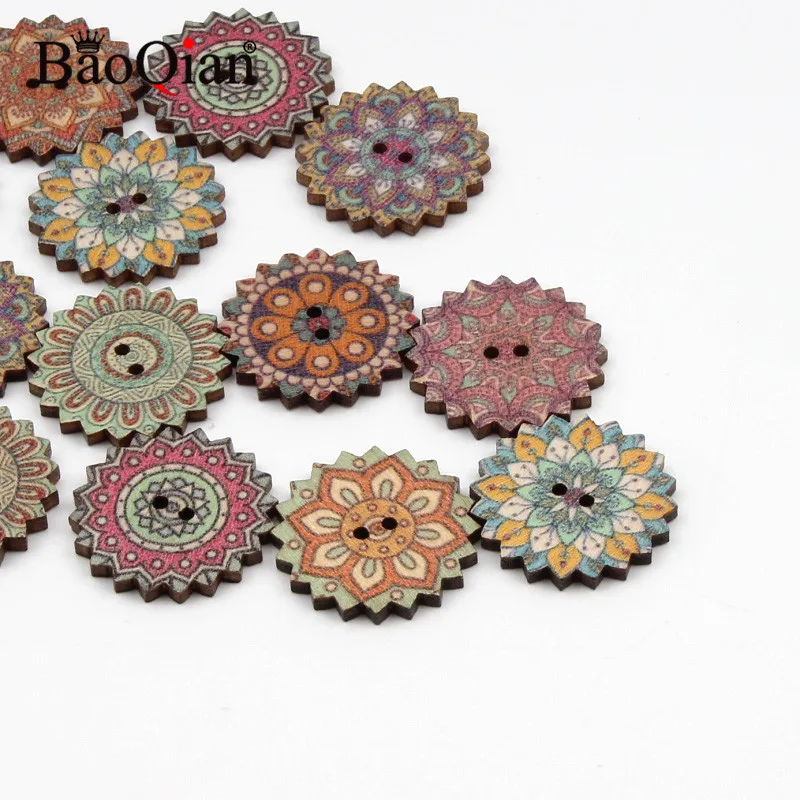 AIEX 100 Pcs Mixte Fleur Peinture Boutons En Bois Pour Coudre Artisanat DIY - Assortiment Tailles Et Couleurs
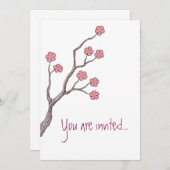 Cherry Blossom, Vous êtes invité.. Invitation rose (Devant / Derrière)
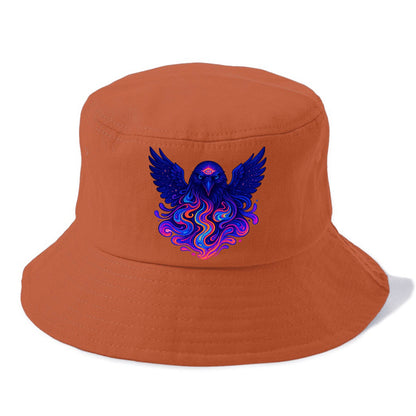 Mysterious raven with feathers showing future visions in neon colors, wings spread - Bucket Hat - Red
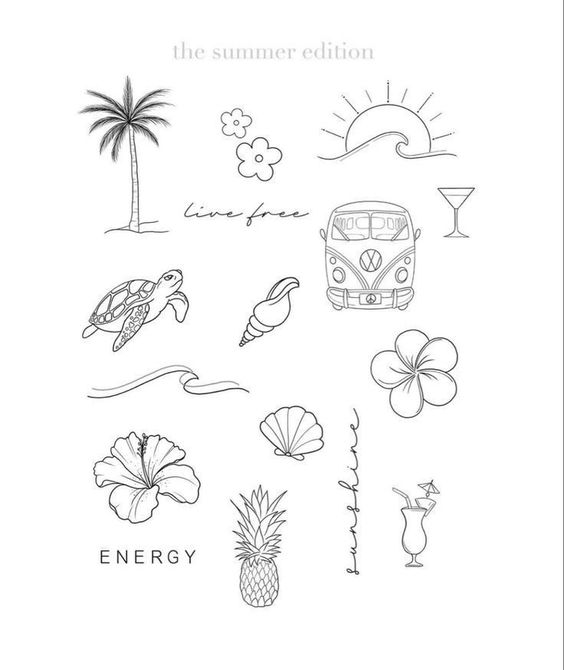 Summer-themed drawings: palm tree, hibiscus, turtle, van, waves, seashells, cocktail, and flowers. Text: 'live free' and 'energy'.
********
Directions for this task:
When a line carries an image, skip the image and repeat everything else above exactly as written.

Solution for this problem:
 AIEX 100 Pcs Mixte Fleur Peinture Boutons En Bois Pour Coudre Artisanat DIY - Assortiment Tailles Et Couleurs
 Cherry Blossom, Vous êtes invité.. Invitation rose (Devant / Derrière)
 Mysterious raven with feathers showing future visions in neon colors, wings spread - Bucket Hat - Red
 Summer-themed drawings: palm tree, hibiscus, turtle, van, waves, seashells, cocktail, and flowers. Text: 'live free' and 'energy'.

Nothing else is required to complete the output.